Penn currently sits at 4-4 overall with a 2-3 league mark, but the Quakers have lost three consecutive overtime contests against Brown, Yale, and Princeton to reach that mark.
“When [Murphy and his staff] came into the league in the season of 1994, they had been on an unbelievable run,” coach Tim Murphy said.
“They’re a dangerous team, they’re a very good football team, and if we don’t play extremely well—if we make mistakes—we’ll get beat,” he added.
Harvard has seen title dreams ruined at Franklin Field before, a field that has been extremely unfriendly to Crimson teams. In 2002, with ESPN’s College Gameday in town, Harvard fell hard to a Penn team in a de facto championship game.

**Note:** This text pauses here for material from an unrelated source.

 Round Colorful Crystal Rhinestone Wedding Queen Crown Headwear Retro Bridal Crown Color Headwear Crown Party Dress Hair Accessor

The Crimson did bounce back two years later, clinching the Ivy title with a 31-10 win in 2004 that also marked the first time Harvard had won in Philadelphia since 1980.
But, as Penn’s struggles this season indicate, the league has changed significantly in the last decade.
“Penn is not the same Penn they were ten years ago,” Murphy said.
“There’s a lot more parity in our league.”
That parity has been evident throughout the season. Only three teams have lived up to preseason expectations. Harvard, picked first, continues to be near the top, and Columbia and Dartmouth, picked last and next-to-last, respectively, are exactly where predicted. But first-place Yale was predicted to finish fifth (despite getting a pair of first-place votes) and Princeton was chosen sixth.
Penn, the second-place pick, would be in that position except for the three overtime losses, and Brown, the third-place selection, has floundered since the graduation of star running back Nick Hartigan ’06, staggering to a 2-3 record.
But the parity of the league is creating increasingly complicated title races. Just two weeks ago, Princeton appeared in charge of its own destiny after defeating Harvard. The following week, the Tigers fell to then 2-4 Cornell in Ithaca, leaving Yale as the only team with its chances of an outright Ivy title firmly in its own hands.
But everyone understands that each week is a survival contest. A road win in Philadelphia is the next step toward a championship, regardless of the other league outcomes. Perhaps senior running back Clifton Dawson put it best:
“After I’m done, I’ll look back and I’ll assess my career from an individual standpoint,” he said, “and hopefully it will be with a championship ring.”